Despite this excellent resume, the penultimate College Football Playoff rankings left the Mustangs out of the top 25. 12-0 Liberty is ranked at #25, just two spots below Tulane. SMU needs a few outcomes to go their way to receive a New Year's Six bid. Along with beating Tulane, the Mustangs may need 10-3 New Mexico State to beat Liberty and 10-2 Miami (OH) to beat 11-1 Toledo.
Hence, it looks likely that the Mustangs are outside of a berth in the New Year's Six. Naturally, one would look at the American Athletic Conference's bowl lineup and assume the Mustangs are destined to play a bowl against a Power Five opponent.
One problem emerges with this situation. The AAC’s two most prominent New Year’s Six tie-ins pit the conference against the ACC. The AAC faces an ACC school in the Military and Fenway Bowls. These bowls serve as showcases for a conference that has long championed the “America Pow6r” slogan as the sixth Power conference.

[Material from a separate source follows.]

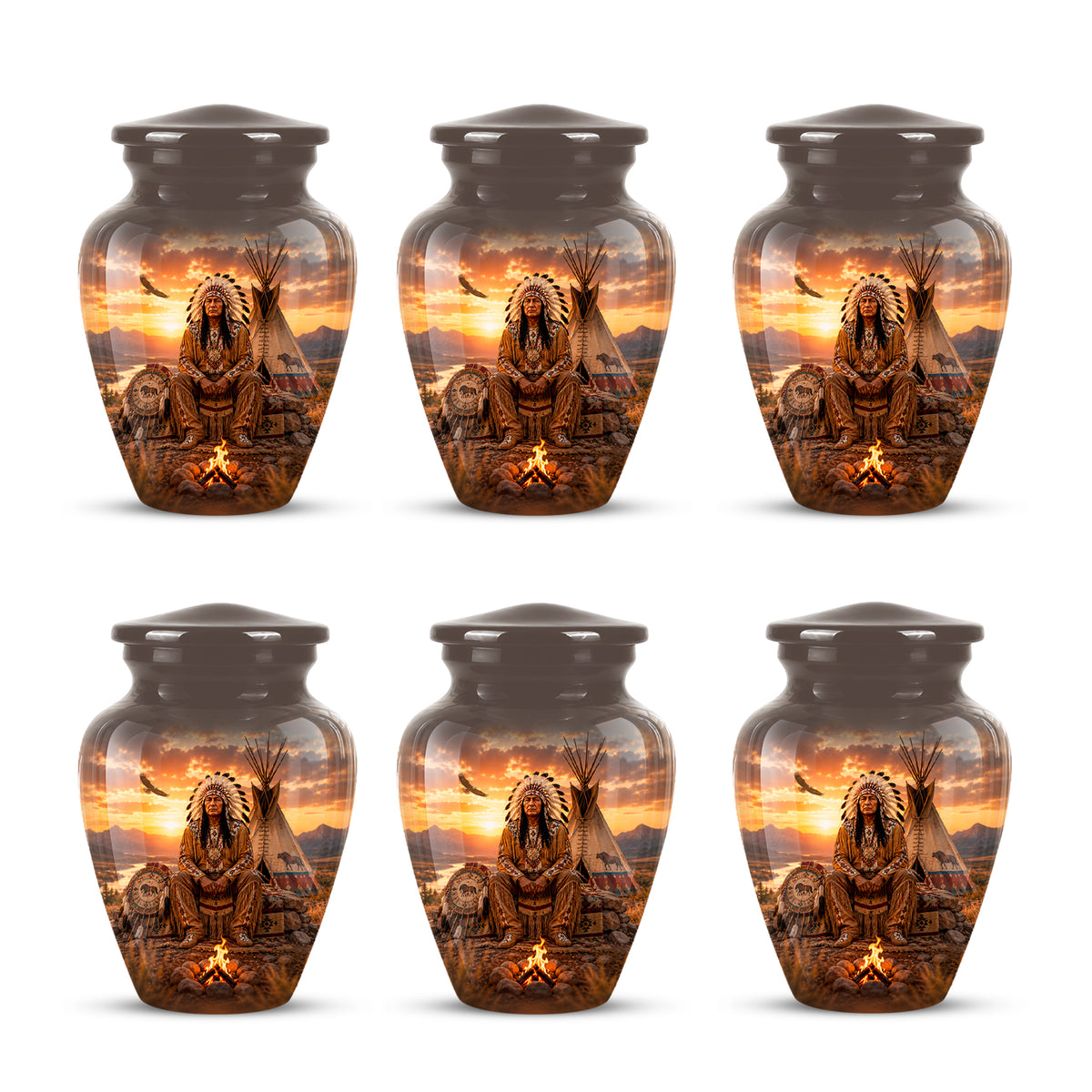 Personalized Native American Sunset Aluminum Cremation Urn For Human Ashes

Next year, SMU will join the ACC. The combination of these games being repeats of future matchups and the long distances from Dallas to Annapolis, Maryland and Boston combine to make the Mustangs unattractive for these bowls despite their record.
Asking Mustang fans to travel across the country on three weeks' notice is a tall task, especially when they will see matchups against their Bowl opponent for the foreseeable future.

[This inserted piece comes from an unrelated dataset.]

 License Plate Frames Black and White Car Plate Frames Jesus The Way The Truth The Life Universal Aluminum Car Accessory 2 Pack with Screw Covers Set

This situation is reminiscent of last year’s 68 Ventures Bowl in Mobile. Southern Miss received their first invitation to the bowl since 2006 in their first year as a Sun Belt member. Yet, a matchup against recent Conference USA conference mate, Rice, spoiled the novelty. Southern Miss is less than 100 miles from Mobile. However, the repetitive matchup against a Conference USA foe of 17 years may have led to the low 20,513 attendance figure. This was nearly half of the turnout of Southern Miss’ last appearance in the 68 Ventures Bowl.

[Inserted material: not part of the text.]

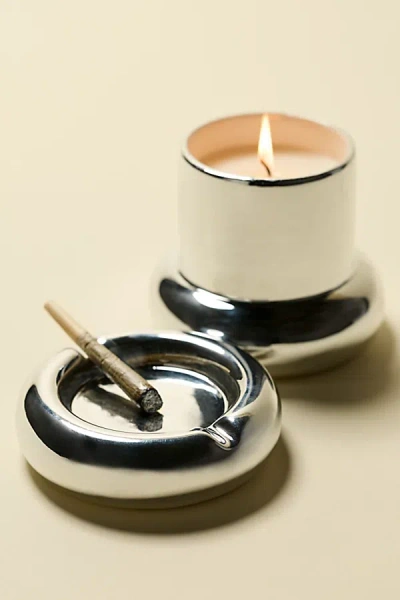 Urban Outfitters Zaya 8 oz Scented Candle & Ceramic Ashtray In Solar Citrus At  In White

Conference realignment’s effects are countless. The impacts reach bowl season as they spoil the novelty of intersectional matchups. In an ideal world, SMU would cap a season in a rare bowl matchup against an ACC team. However, the college football landscape is far from ideal at the moment, and SMU fans are at risk of seeing a repetitive matchup in the years to come.